Mohamed Kamanor

Personal information
- Full name: Mohamed Kamanor
- Date of birth: 15 October 1992 (age 33)
- Place of birth: Freetown, Sierra Leone
- Height: 1.77 m (5 ft 10 in)
- Position: Defender

Team information
- Current team: FC Kallon

Senior career*
- Years: Team / Apps / (Gls)
- 2008–: FC Kallon
- 2012: → Umeå FC (loan) / 13 / (0)
- 2012: → Djurgårdens IF (loan) / 0 / (0)

= Mohamed Kamanor =

Sierra Leonean footballer

Mohamed Kamanor (born 15 October 1992 in Freetown, Sierra Leone) is a Sierra Leonean footballer who plays for FC Kallon as a defender.

==Career==

===FC Kallon===
Mohamaed Kamanor was recruited to top Sierra Leone National Premier League club FC Kallon by popular Sierra Leonean football agent Chernor Musa Jalloh, who is well known for recruiting many talented young Sierra Leonean footballers.
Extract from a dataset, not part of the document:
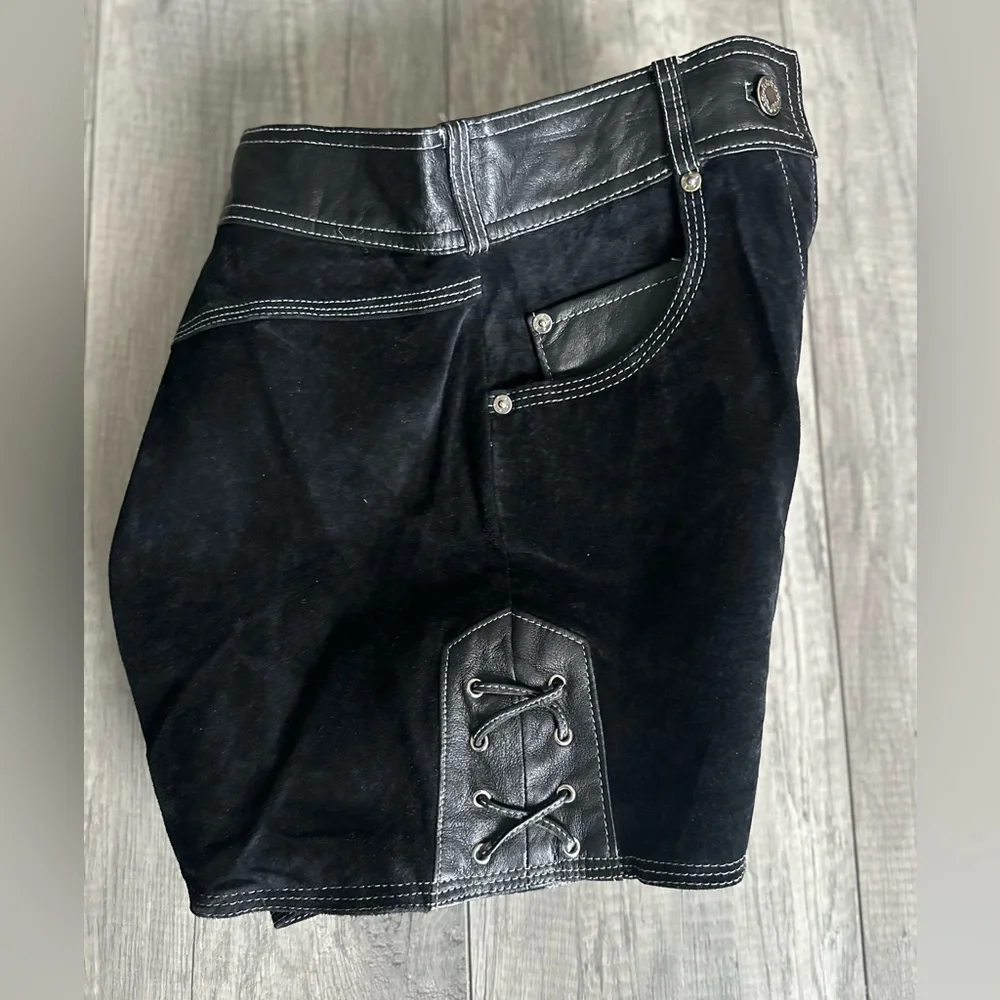 NWT Vintage Wilsons Leather Beyond Leather Black Leather & Suede Shorts - Picture 4 of 13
While at FC Kallon, Kamanor quickly established himself as one of the most talented players in the Sierra Leone Premier League.

===Umeå FC===
Kamanor signed for Superettan club Umeå FC in 2012. He was recruited by Umeå FC during the club agent visit to Sierra Leone in early 2012. Kamanor was again loaned to Umeå FC in the following season 2013.